В театре танец сочиняется, но исторически танец возникает до театра, причем не без участия мистической жестикуляции. Существует масса телесных жестов не коммуникативного, а именно психотерапевтического значения, среди которых затеряны и жесты мистического содержания. Так, например, воздетые к небу руки могут означать негодование, а могут означать мольбу в состоянии отчаяния. Мистическая жестикуляция не имеет сигнального значения: она переводит участников коммуникации в состояние общего «духа музыки», в рамках которого осуществляется взаимопонимание, причем как бы помимо языка, «с полу-слова» и «с полувзгляда». Многие мистические жесты закрепляются в придворном этикете, например, целование руки и разного рода поклоны с вычерчиванием определенной траектории.
Для Ф. Ницше «дух театра» связан с чувствительностью публики к мистической жестикуляции с её почерком в пространстве возможных траекторий, в том числе музыкально-хореографического характера. Как отмечал позднее А. Блок, существует два пространства: исчислимое и неисчислимо-музыкальное.
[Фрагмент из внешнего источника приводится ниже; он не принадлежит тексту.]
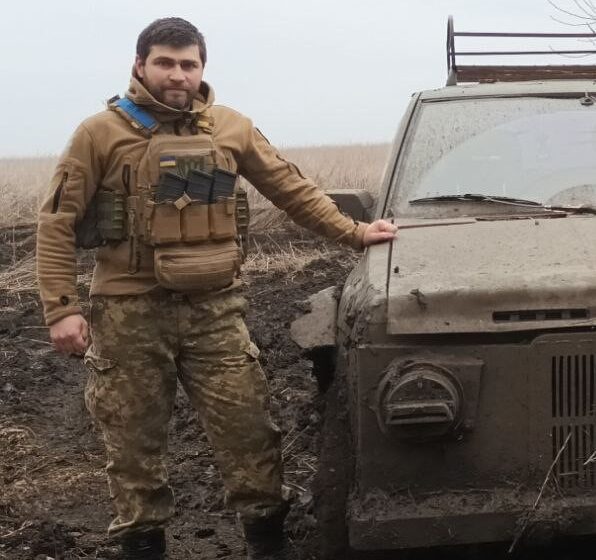 Евакуювали під ворожими обстрілами: побратими та військові медики врятували життя калуському тероборонівцю Ігорю Козаку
Неисчислимо-музыкальное пространство складывается, можно сказать, именно на основе мистической жестикуляции, присутствующей в придворном этикете, народной культуре, религиозном служении или стихийно возникающей в условиях «пограничной ситуации». Соответственно, только та публика, по отношению к которой уместна фраза «Бог танцует во мне» (в мимике лица, в осанке, во взгляде, в голосе, в пантомиме телесных жестов) обладает критерием «подлинности», и, соответственно, способна определять, не лгут ли танцоры на сцене, не лжет ли музыка всему залу.